While truck wraps are generally less expensive than paint jobs, they do require an investment on your part. That being the case, you want to make sure you get the best price for the most skillful installation and the most durable wrap available. There are several steps you can take to save money and still get quality the next time you decide to wrap your truck.
Important price points include the installers you choose, the design (if any) you want, and the wrap material itself.
Know what you want
This first step is an easy one to miss, but before you can begin to research prices, you need to decide exactly what you want. Factor in your truck’s make and model, as well as what you want from the wrap. Do you want:
- a printed wrap that will advertise your company
- a simple color change wrap
- a high-end luxury wrap like carbon fiber or chrome
Just as you would visit more than one car dealership to make sure you get the best price on a new car, you should check out more than one installation company before signing up for your next wrap.
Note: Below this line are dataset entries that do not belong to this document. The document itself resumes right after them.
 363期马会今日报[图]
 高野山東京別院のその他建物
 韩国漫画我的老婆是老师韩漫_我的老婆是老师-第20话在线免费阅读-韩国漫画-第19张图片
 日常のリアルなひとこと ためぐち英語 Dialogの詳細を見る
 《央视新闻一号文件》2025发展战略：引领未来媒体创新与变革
Once you’ve settled on what you want, you can begin to contact wrap installers in your area for custom estimates tailored to your particular vehicle and exact specifications, rather than basing your decision on the generalized flat rates many companies feature on their websites. While gathering information, take extremely low estimates with a grain of salt—you don’t want to save money simply because the installer uses low-quality materials.
Have a plan. Follow it
Save even more money by creating a design plan before you visit your wrap installer of choice. If you walk through the door with no clear design in mind, the company will be more than happy to create one for you, but graphic design services don’t come cheap. That’s especially true when you add the hours you’ll pay for as you go over the designer’s suggestions and the additional time they’ll put in to make changes. It’s far less expensive if you go in—and stick with—a design plan of your own.
Choose your material
The wrap material you choose can have a serious impact on how much you pay. Weigh the pros and cons of each material, such as:
- The manufacturer. 3M and Avery are the most popular producers, because their wraps are durable and easy to install. (Cutting down on installation time could be another cost-saver.)
- Wrap grades and finishes. The vinyl used for a simple color change wrap will run you much less than a luxury carbon fiber wrap. (Plus, carbon fiber wrap installation is much more complex and time consuming.)
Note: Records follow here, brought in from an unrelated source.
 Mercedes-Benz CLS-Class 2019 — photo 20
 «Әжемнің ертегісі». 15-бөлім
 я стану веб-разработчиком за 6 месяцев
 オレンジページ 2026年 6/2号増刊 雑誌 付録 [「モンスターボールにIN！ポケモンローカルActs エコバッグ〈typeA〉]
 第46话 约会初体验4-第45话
- Cast vinyl verses calendared vinyl. Cast vinyl—a higher-grade material that can be easily repositioned and/or removed—is more expensive than thicker calendared vinyl. Then again, cast vinyl is much more durable and designed to withstand the elements.
- Cheaper materials. You can decide to go cheaper, but you’ll wind up paying a lot more in the long run, because cheaper materials last months, rather than years.
Cut back on coverage
Obviously, wrapping parts of a your truck will be much less expensive than wrapping the whole vehicle. Even a half-wrap—on door panels, hood, and spoilers, for example—can provide effective advertising or deliver that one-of-a-kind customization you’re after.